Last week we had two potential new business meetings back to back. One with a technology company. One in the sports space. Five years ago those conversations would have been about differentiation, messaging, campaigns, maybe a new visual identity. Instead, both conversations became about the same thing: Belonging.
Not: “How are we differentiated?” But: “How do we create a brand people want to belong to?” That shift says a lot about where branding is right now.
I came up through Landor, where we were taught one of the foundational ideas of modern branding from Walter Landor himself: “A brand is a promise.” And it still is. A promise of quality. Consistency. Performance. A promise that what you say and what you deliver align over time. But that’s changed.
Today, the strongest brands are not just selling products or services. They are creating participation, community, belonging, and belief. People do not buy things simply because of what brands say. They buy things because of who they believe themselves to be. If I believe I’m a runner, I don’t just buy the shoes. I join the run club. I share the route. The product becomes the entry point to identity.

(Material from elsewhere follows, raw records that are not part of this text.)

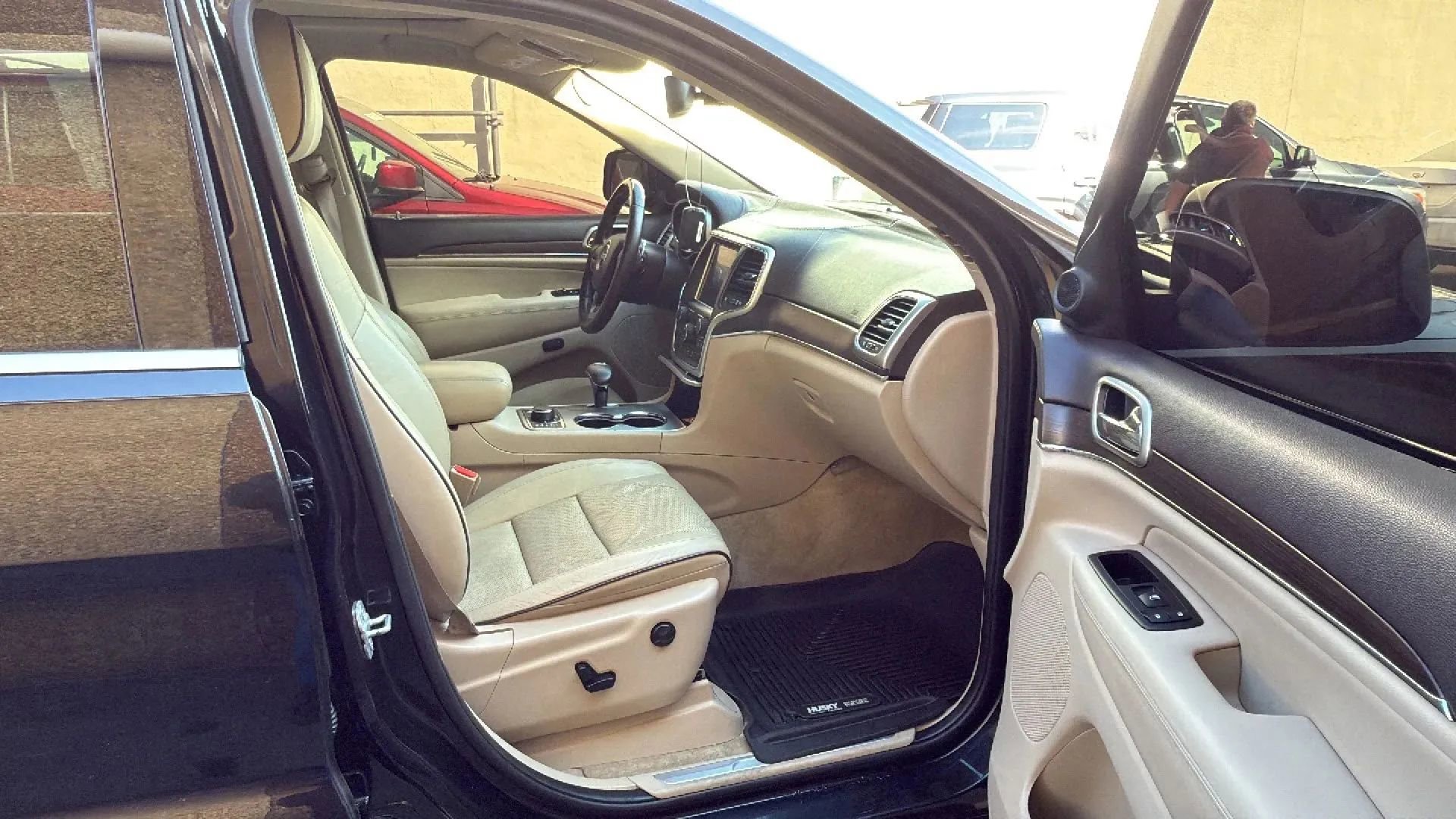 Used 2015 Jeep Grand Cherokee Overland w/ Advanced Technology Group AWD/4WD image 24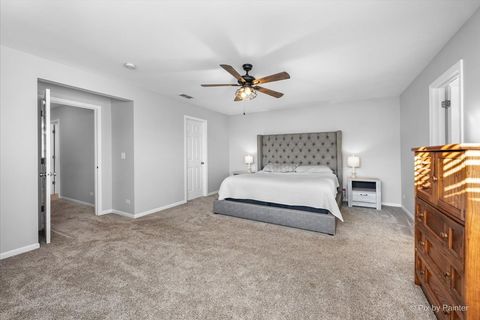 Tiny photo for 279 Garden Drive, Elgin, IL 60124 (MLS # 12527951)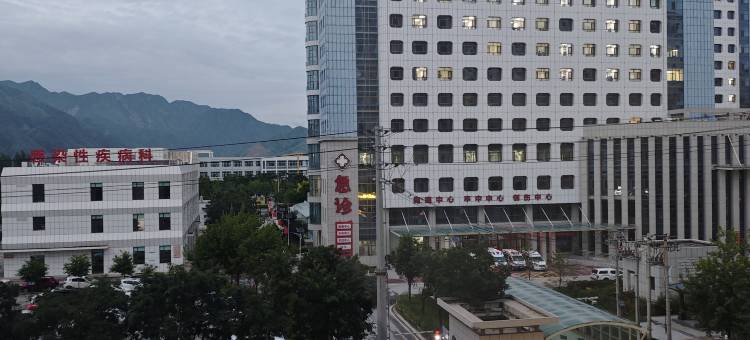 丽怡酒店(海东民和政务中心店)图片
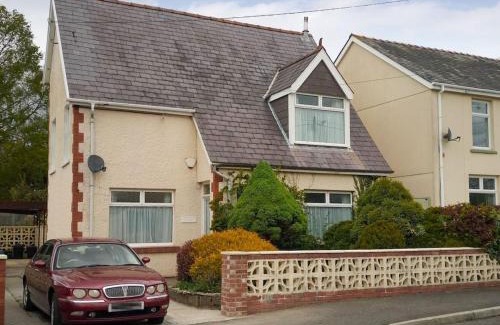 Ammanford House | Ty Draw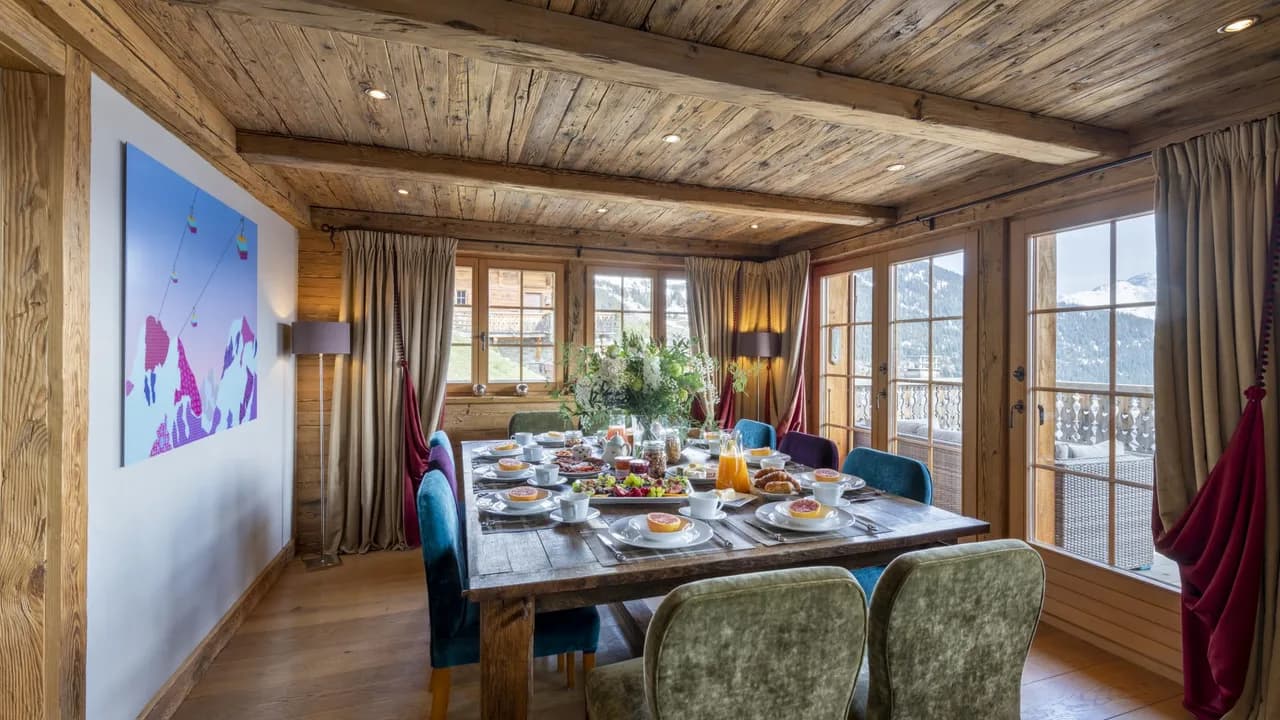 Classical Alpine Chalet Set on an Exclusive Area photo 4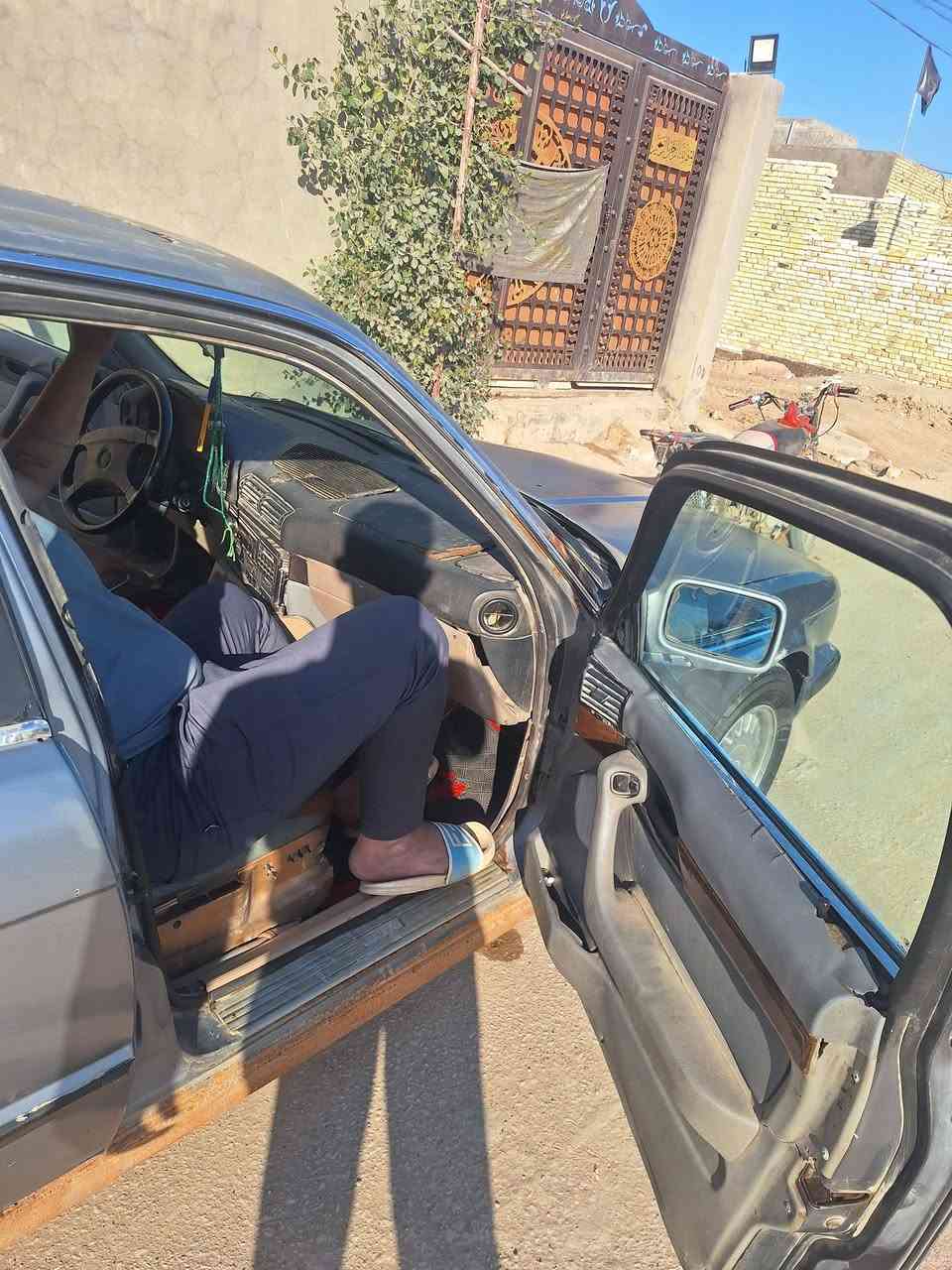 ٥٣٥ محرك مفتوح كير اوتو
٣٣ ورقه مجال بسيط مكانها بابل القاسم ***********
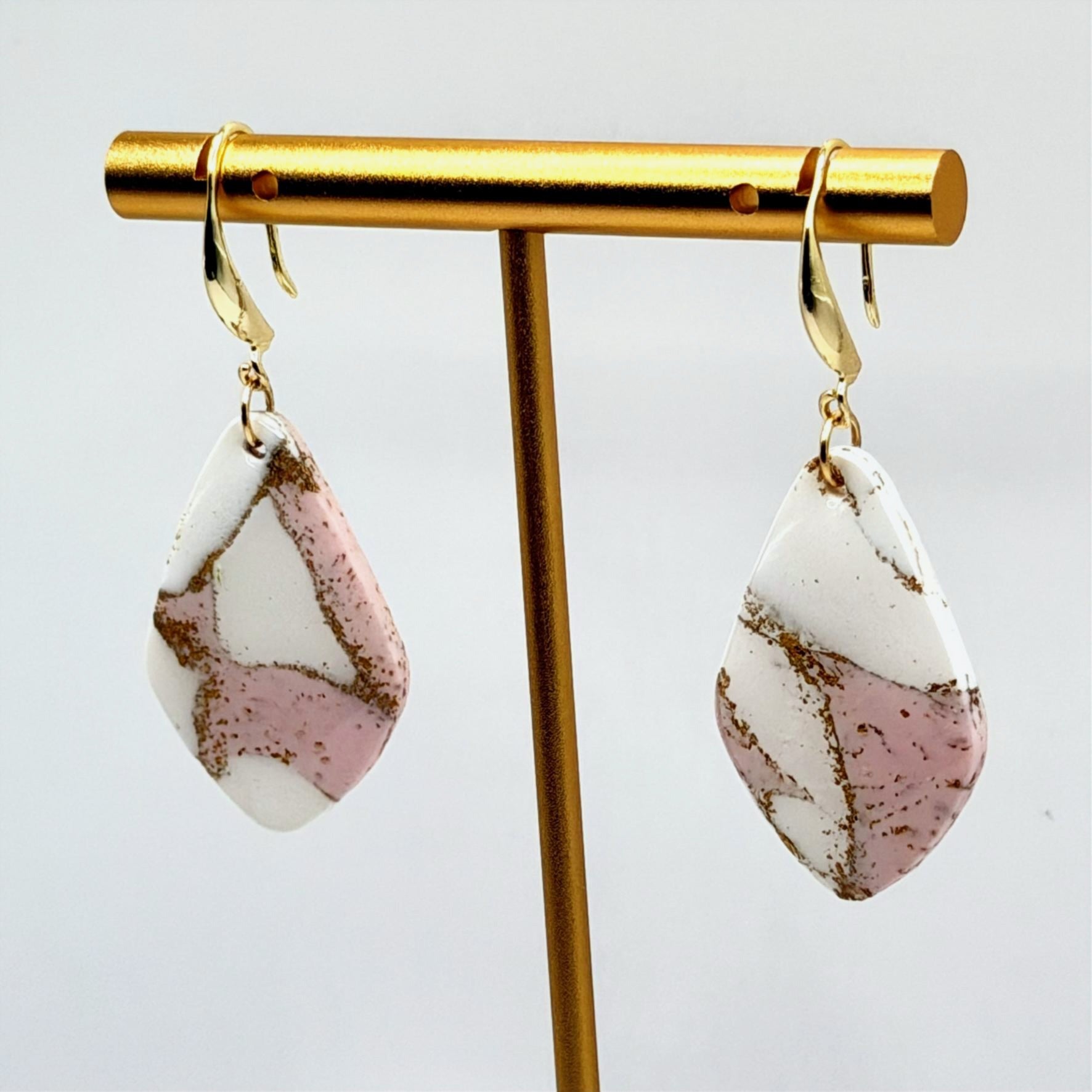 Aurora Blush Marble Hooks
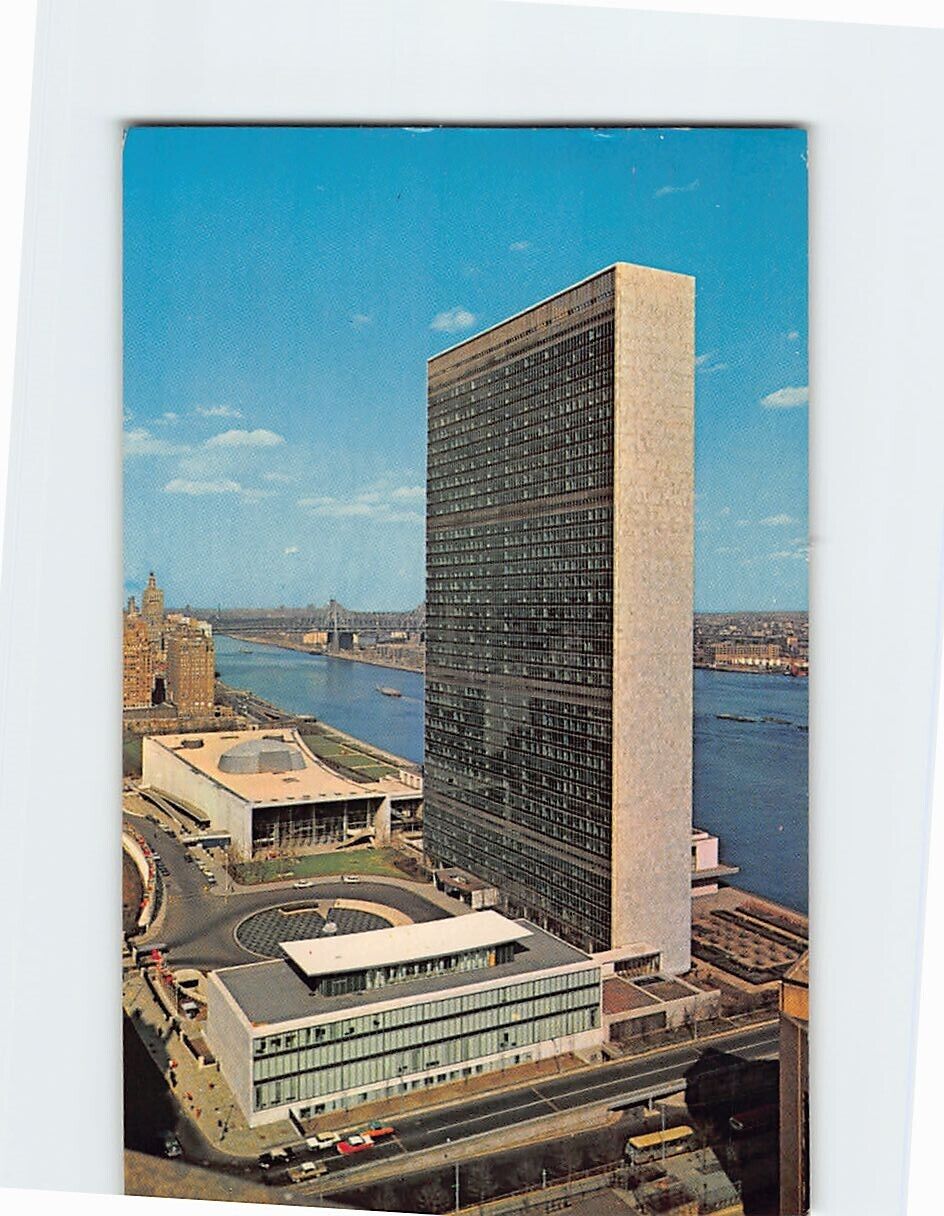 Postcard A view of United Nations Headquarters looking north New York USA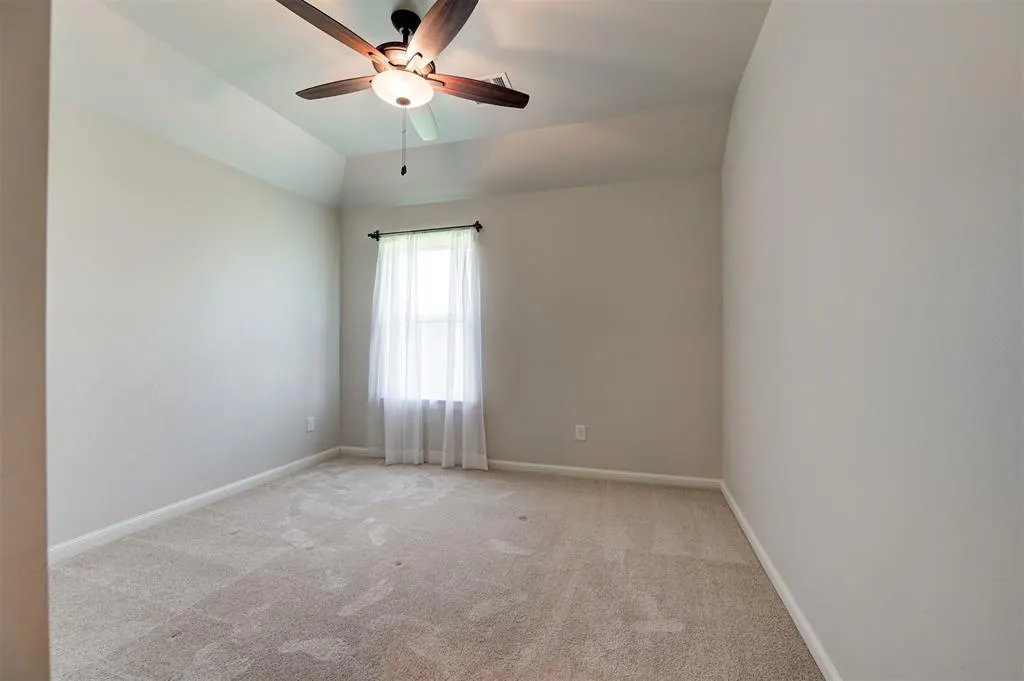 Photo 40 — 409 Tralee Lane, Yukon, OK 73099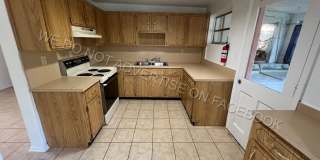 $250 OFF OF YOUR MOVE-IN FEES - 3 BEDROOM / 1 BATHROOM HOME AVAILABLE NOW WITH MOVE IN SPECIALS! Gallery 14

And don’t get me wrong, the old branding model still matters: consistency, differentiation, awareness. But today those are foundational.
The more interesting conversation is about cultural relevance, emotional participation, and community. Culture is no longer the output of branding. It’s the objective.
AI is accelerating this shift fast. AI can already generate logos, typography systems, color palettes, and campaign ideas. What it cannot create is cultural meaning. Belonging. Or understand why people gather around certain brands and reject others.
Which brings me to a headline I saw recently: “Starbucks CEO defends $9 coffee prices. Says stop thinking of it as a $9 cup of coffee. Think of it as a $9 experience.”
Interesting framing. But brands do not get to tell people how to feel anymore. Belief has to be experienced, not declared.
Whenever I go back to San Diego, there’s a Starbucks in my old neighborhood. I only go a few times a year, but Tanya, the barista, always remembers my name. She is the brand. Not the logo. Not the seasonal cup. Not the silly coffee nomenclature. The second the lived experience stops matching the narrative, people feel it immediately.
That gap between what brands say and what people actually experience? That’s where cultural relevance disappears.
This has changed the way we think at 4040. We still care deeply about craft, storytelling, strategy, and design. I’m a designer first. I still want the logo to be cool enough to wear on a hat.
But increasingly, our role is bigger than building awareness or differentiation. It’s about building cultural relevance. Creating belonging. Turning brands into communities of believers.
Because today, culture is brand power.